Inside my latest box, I put on the tap shoes and waited for the moment that my kick at the ceiling of my confines might turn into a leap.
Stasha
Chapte
r Twenty-One
Not the End
What kind of welcome did I expect from the ruins of Warsaw? In the place where Mengele’s life was to end and lend a new beginning to ours, there was only the echo of peasants spitting in the streets, emptying their lungs of dust. And look at us—our weapons were gone, our furs had been stripped. Near naked, defenseless, we wore burlap sacks begged from a roadside farmer; we wrapped our exposed legs and arms in woolen rags discarded on the side of the road, we stumbled forth in too-large shoes, and my friend winced with every step, his hand constantly returning to worry at the wound on his shoulder, which had surrendered its bullet into my hand. With two fingers I’d pried it from his flesh as he shrieked, cursing the fact that my own affliction could not enjoy the same bloody and swift extraction. That, I told myself, was the last doctoring I would ever do. Destruction was all I cared for now, and Feliks shared this with me—together, we improvised fresh and clumsy methods of persecution. We collected a new sackful of stones to lob at our torturer’s skull, we clutched sticks beneath our arms, makeshift spears, the ends of them whittled to points fine enough to pierce his chest, and we trusted that the meek power of these humble instruments would be transformed by our fury when, at last, we came upon Mengele, cornering him in the cages of his hideout at the Warsaw Zoo.

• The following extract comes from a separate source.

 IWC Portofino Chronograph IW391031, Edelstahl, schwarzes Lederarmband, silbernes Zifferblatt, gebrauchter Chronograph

Warsaw did not recognize our destructive aims, as it was too possessed by its own restoration to know us. But although it did not note our entry, I trusted the city to host our mission. It had been destroyed like we had been destroyed. It was gutted and drawn; vacancies had been cleared until the city was little more than a cellar, a tomb, a waiting room with a telephone that said only good-bye, but everywhere, I saw people crushing themselves to revive it, I saw them expelling every breath they had into the foundations of the felled synagogues. They had the power specific to natives—they compelled the leaves to remain on the trees, coaxed the flowers to bloom and the skulls to stay in the ground, buried where no dog might unearth them—but we had the gifts of outside avengers. While they entrusted the city with life, we were there to ensure a death. Only when Mengele was finished would the leaves remain, the flowers bloom, and the skulls go back to sleep.